The patterned energy of his flame-like body was shaken by waves of awful force. He had been afraid before. Now he was beyond fear. He crept after Thardis like a child creeping to the feet of Creation. He would have stopped but Thardis led him on into the inmost solar furnace, into the living heart of the Sun.
And he who had been Philip Carlin was there, wrapped in a silent awe, watching the mystic terrible forges beating out the unthinkable energies of the death and renascence of matter.
Newton had no thought for Carlin now. The awful voices of creation were hammering against his senses, dazing them, numbing them. He shuddered beneath that godlike fury of sound. The stripped and fleeing atoms burst through him, filling him with an exalted pain. He too watched, lost utterly in a cosmic awe of his own.
Atomic change exploded ceaselessly here, thundering, throbbing — hydrogen flashing through all the shifting transformations of the carbon-nitrogen cycle to final helium, the residual energy bursting blindly outward in raving power.
Newton began to be aware of his own danger. He knew that if he stayed too long he would never go again. He was a scientist and this was the ultimate core of learning. He would remain, drunk and fascinated with the lure of knowledge, with the incredible life that could exist in this crucible of energy. He would remain forever, with the other Children of the Sun.
Temptation whispered, “Why go back? Why not remain, a clean, eternal flame, free to learn, free to live?”
He remembered the three who waited for him in the citadel and the promise he had made. And he forced himself with a bitter effort to speak. “Carlin! Philip Carlin!”
The other Sun Child stirred, and asked, “Who calls?”
And when he heard his rapt mind woke to emotion. “Curt Newton? You here? I had almost forgotten.”
Strange meeting of two friends no longer human, in the thundering solar fires!
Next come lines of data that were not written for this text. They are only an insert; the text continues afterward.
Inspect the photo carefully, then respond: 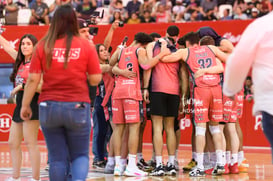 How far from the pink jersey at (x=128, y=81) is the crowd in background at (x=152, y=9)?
34.9ft

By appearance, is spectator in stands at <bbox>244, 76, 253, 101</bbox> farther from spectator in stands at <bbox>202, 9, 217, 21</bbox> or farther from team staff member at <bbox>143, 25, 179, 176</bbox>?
team staff member at <bbox>143, 25, 179, 176</bbox>

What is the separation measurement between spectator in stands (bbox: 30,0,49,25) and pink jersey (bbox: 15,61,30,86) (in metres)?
14.3

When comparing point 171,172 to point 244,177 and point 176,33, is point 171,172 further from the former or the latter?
point 176,33

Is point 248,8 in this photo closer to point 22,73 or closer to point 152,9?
point 152,9

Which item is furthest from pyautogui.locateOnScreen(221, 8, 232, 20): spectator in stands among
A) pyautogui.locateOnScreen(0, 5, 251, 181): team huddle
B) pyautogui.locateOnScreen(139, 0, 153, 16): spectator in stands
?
pyautogui.locateOnScreen(0, 5, 251, 181): team huddle

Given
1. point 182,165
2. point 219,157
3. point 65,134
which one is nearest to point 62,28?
point 65,134

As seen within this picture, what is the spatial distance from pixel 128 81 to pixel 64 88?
453 cm

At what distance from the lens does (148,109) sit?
11.4m

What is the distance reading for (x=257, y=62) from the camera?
17.1 feet

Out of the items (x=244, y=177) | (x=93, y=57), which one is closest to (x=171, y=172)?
(x=244, y=177)

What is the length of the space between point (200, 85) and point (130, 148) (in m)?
1.54

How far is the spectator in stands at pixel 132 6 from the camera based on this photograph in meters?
23.1

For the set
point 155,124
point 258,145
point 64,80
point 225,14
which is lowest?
point 258,145

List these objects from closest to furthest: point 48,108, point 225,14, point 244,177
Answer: point 48,108, point 244,177, point 225,14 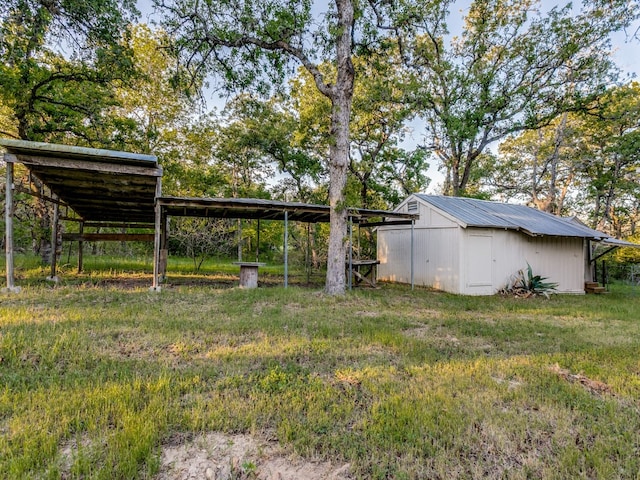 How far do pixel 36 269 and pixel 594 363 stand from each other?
1360 centimetres

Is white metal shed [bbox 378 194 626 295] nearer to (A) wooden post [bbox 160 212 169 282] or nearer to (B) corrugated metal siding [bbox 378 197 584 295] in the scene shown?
(B) corrugated metal siding [bbox 378 197 584 295]

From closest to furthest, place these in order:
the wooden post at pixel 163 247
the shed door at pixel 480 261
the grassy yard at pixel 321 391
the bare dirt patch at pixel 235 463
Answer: the bare dirt patch at pixel 235 463
the grassy yard at pixel 321 391
the wooden post at pixel 163 247
the shed door at pixel 480 261

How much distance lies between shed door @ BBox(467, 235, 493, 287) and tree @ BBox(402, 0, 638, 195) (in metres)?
5.89

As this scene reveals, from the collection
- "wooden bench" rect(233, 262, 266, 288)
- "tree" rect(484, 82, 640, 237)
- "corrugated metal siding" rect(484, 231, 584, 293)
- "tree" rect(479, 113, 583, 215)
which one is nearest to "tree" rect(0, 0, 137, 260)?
"wooden bench" rect(233, 262, 266, 288)

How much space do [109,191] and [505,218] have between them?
12505mm

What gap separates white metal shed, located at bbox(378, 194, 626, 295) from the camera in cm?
1022

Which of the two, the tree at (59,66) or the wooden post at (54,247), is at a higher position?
the tree at (59,66)

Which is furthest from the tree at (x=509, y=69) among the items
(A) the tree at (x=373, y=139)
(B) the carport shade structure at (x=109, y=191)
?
(B) the carport shade structure at (x=109, y=191)

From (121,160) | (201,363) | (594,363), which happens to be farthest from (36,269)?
(594,363)

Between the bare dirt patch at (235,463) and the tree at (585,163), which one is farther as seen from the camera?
the tree at (585,163)

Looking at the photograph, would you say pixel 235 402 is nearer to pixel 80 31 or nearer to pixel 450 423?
pixel 450 423

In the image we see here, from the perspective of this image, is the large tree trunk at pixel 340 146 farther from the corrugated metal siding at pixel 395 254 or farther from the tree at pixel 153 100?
the tree at pixel 153 100

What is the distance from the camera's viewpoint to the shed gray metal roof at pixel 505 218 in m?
10.3

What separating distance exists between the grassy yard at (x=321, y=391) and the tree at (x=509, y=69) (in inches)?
453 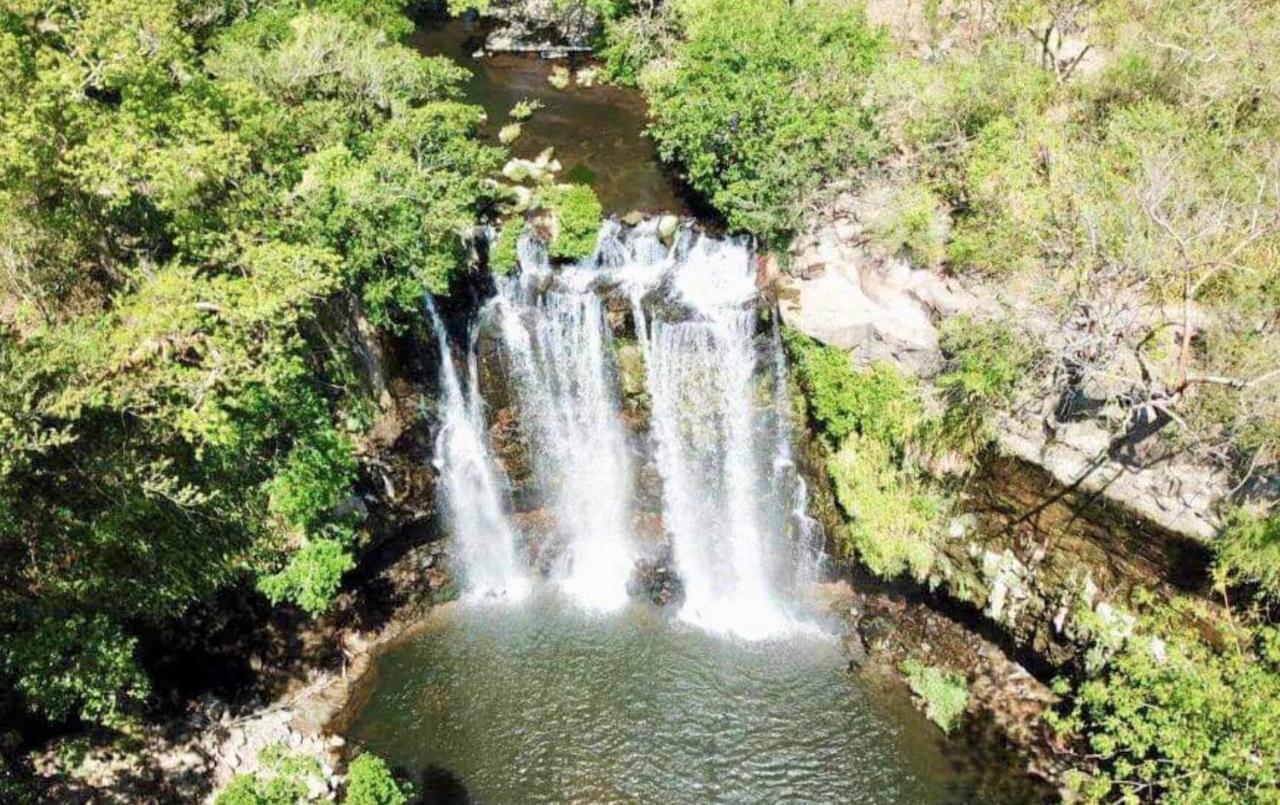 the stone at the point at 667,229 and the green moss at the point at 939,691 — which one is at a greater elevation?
the stone at the point at 667,229

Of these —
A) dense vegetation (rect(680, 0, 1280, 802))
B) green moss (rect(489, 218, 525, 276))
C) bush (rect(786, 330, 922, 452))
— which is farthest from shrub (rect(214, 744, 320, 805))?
bush (rect(786, 330, 922, 452))

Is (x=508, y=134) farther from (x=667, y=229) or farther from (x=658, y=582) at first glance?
(x=658, y=582)

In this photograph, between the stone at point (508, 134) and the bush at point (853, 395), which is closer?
the bush at point (853, 395)

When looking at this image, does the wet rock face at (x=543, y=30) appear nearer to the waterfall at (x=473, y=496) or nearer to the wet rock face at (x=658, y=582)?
the waterfall at (x=473, y=496)

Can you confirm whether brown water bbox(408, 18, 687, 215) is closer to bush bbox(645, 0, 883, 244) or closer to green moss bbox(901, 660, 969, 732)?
bush bbox(645, 0, 883, 244)

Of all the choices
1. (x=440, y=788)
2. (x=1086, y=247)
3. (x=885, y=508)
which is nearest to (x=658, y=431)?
(x=885, y=508)

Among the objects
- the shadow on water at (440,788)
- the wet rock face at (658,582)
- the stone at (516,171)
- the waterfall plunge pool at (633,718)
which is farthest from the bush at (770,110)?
the shadow on water at (440,788) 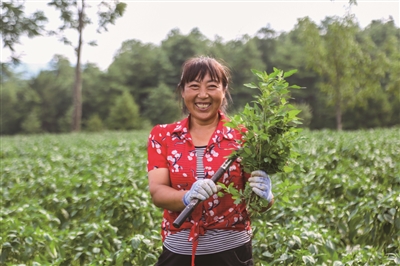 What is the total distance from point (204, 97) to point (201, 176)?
335mm

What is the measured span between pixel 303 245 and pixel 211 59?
1643 mm

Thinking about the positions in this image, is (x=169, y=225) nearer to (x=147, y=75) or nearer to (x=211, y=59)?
(x=211, y=59)

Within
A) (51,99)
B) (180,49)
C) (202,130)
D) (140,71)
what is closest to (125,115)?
(51,99)

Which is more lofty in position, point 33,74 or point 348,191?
point 33,74

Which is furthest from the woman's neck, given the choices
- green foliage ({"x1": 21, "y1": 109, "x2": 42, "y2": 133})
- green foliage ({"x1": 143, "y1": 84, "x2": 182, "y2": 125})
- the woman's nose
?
green foliage ({"x1": 21, "y1": 109, "x2": 42, "y2": 133})

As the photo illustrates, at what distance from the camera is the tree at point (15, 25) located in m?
18.9

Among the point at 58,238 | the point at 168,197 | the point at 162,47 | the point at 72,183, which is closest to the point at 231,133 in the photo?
the point at 168,197

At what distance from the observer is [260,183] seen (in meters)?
2.06

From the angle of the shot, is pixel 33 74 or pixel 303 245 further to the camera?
pixel 33 74

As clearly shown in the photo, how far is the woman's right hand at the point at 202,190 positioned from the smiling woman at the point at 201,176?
0.05m

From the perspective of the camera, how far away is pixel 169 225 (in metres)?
2.25

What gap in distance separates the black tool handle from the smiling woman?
49mm

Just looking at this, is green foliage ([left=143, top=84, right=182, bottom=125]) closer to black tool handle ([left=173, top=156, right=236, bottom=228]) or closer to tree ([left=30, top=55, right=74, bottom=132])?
tree ([left=30, top=55, right=74, bottom=132])

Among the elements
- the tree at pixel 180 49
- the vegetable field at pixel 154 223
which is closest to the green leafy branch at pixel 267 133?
the vegetable field at pixel 154 223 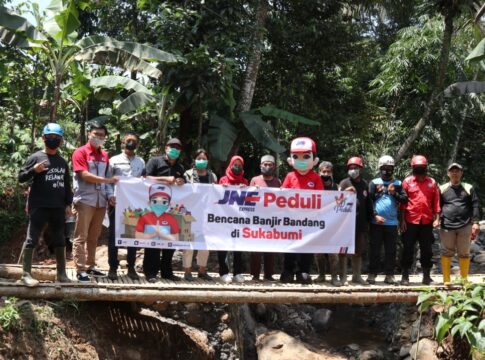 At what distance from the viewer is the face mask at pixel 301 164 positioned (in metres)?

Newton forced himself to think only of his purpose. “I’ve come after you, Carlin! I followed you to bring you back!”
The other’s response was a fierce, instinctive recoil. “No! I will not go back!”
And Carlin’s thought raced eagerly. “Look — look about you! How could I leave? A million years from now, two million, when I have learned all I can. . No, Curt. No scientist could leave this!”
Newton felt the fatal force of that argument. He too felt the irresistible attraction of the undying life that had trapped men here for a million years.
He felt it — too strongly! He knew desperately that he must succumb to it unless he left quickly. The knowledge nerved him to clutch at the one persuasion that might still sway Carlin.
“But if you stay here all the knowledge you have gathered here will be lost forever! The secrets of the Sun, the key to the mysteries of the universe prisoned here with you, never to be known!”
He had been right. It was the one argument that could move this man whose life bad been spent in the gathering and interchange of knowledge. He felt the doubt, the turmoil, in Carlin’s shaken mind. The unwillingness and yet the strong tug of lifetime habits of mind.
The thunders of the Sun’s heart roared about them as Newton poised waiting. And at last, reluctantly, Carlin said “Yes.Yes, I must take back what I have learned. And yet. .”
He burst out, bitter, passionate, “And yet to leave all this!”
“You must, Carlin!”
Another pause. And then, “If I must go let us go at once, Curt!”